::: Records to process :::
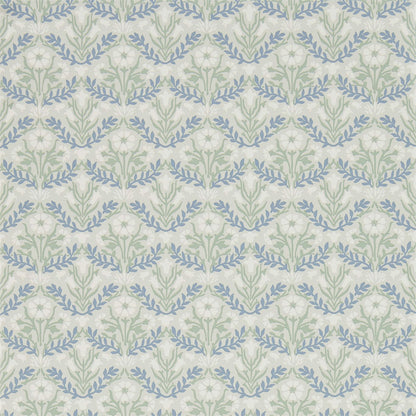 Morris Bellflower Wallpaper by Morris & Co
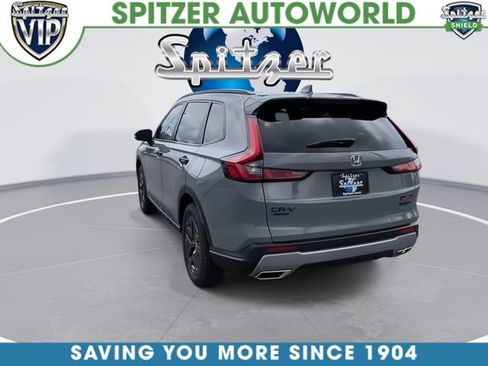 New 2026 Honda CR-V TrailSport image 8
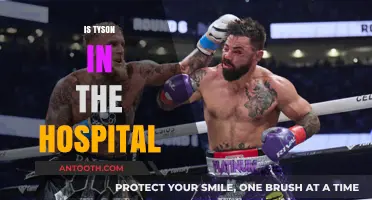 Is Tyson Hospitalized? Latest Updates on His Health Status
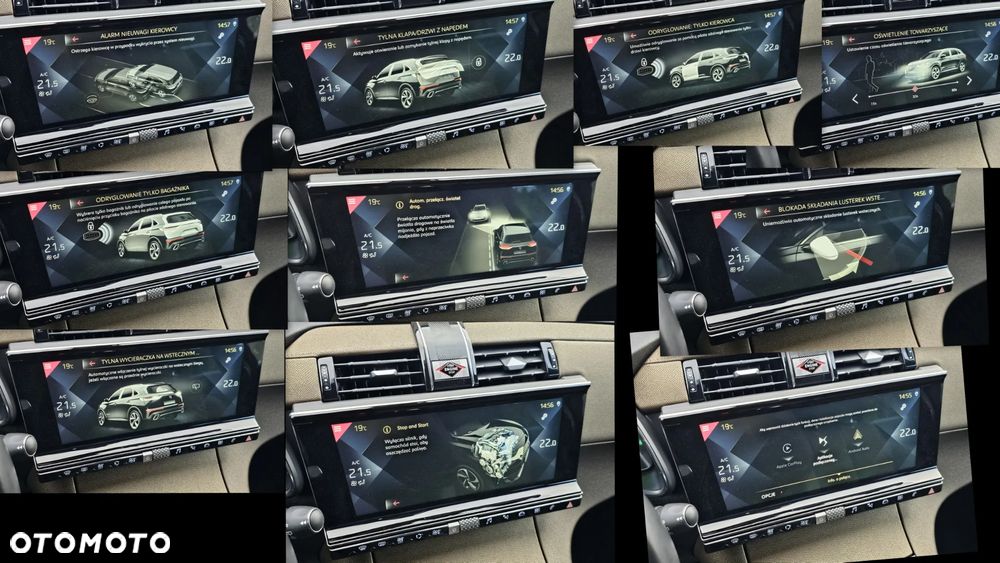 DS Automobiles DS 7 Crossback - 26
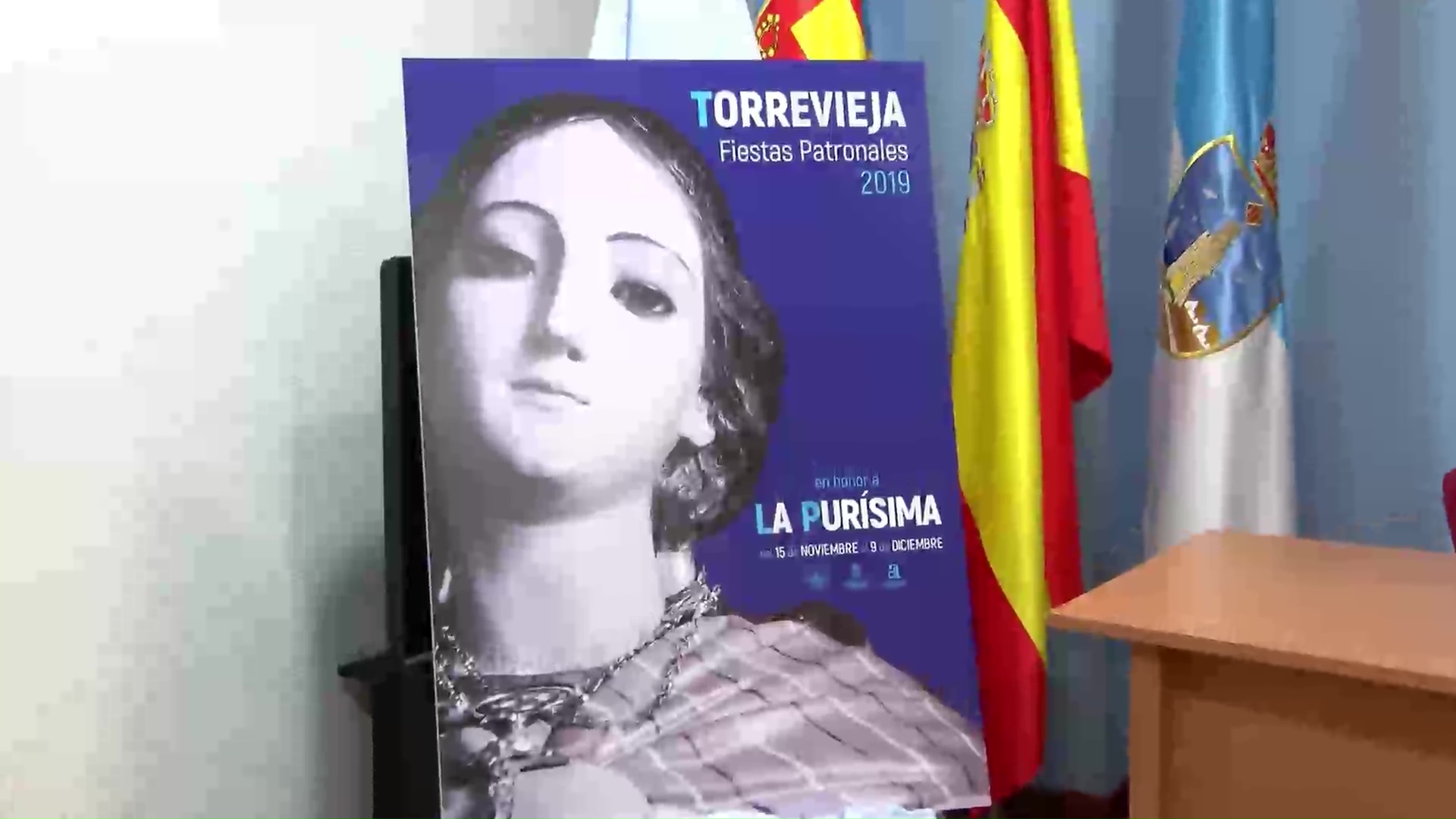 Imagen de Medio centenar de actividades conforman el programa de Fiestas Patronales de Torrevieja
:::
::: Records to process :::
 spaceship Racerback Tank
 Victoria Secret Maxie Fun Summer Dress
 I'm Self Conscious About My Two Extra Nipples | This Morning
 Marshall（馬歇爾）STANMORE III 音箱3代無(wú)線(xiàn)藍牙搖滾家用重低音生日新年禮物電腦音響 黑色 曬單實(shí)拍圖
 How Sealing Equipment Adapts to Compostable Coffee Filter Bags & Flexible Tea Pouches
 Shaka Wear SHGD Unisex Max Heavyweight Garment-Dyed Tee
:::
In the entries above, find the line holding "I'm Self Conscious" and the line holding "Shaka Wear SHGD", then retype exactly those two lines and every line between them, and nothing else.

 I'm Self Conscious About My Two Extra Nipples | This Morning
 Marshall（馬歇爾）STANMORE III 音箱3代無(wú)線(xiàn)藍牙搖滾家用重低音生日新年禮物電腦音響 黑色 曬單實(shí)拍圖
 How Sealing Equipment Adapts to Compostable Coffee Filter Bags & Flexible Tea Pouches
 Shaka Wear SHGD Unisex Max Heavyweight Garment-Dyed Tee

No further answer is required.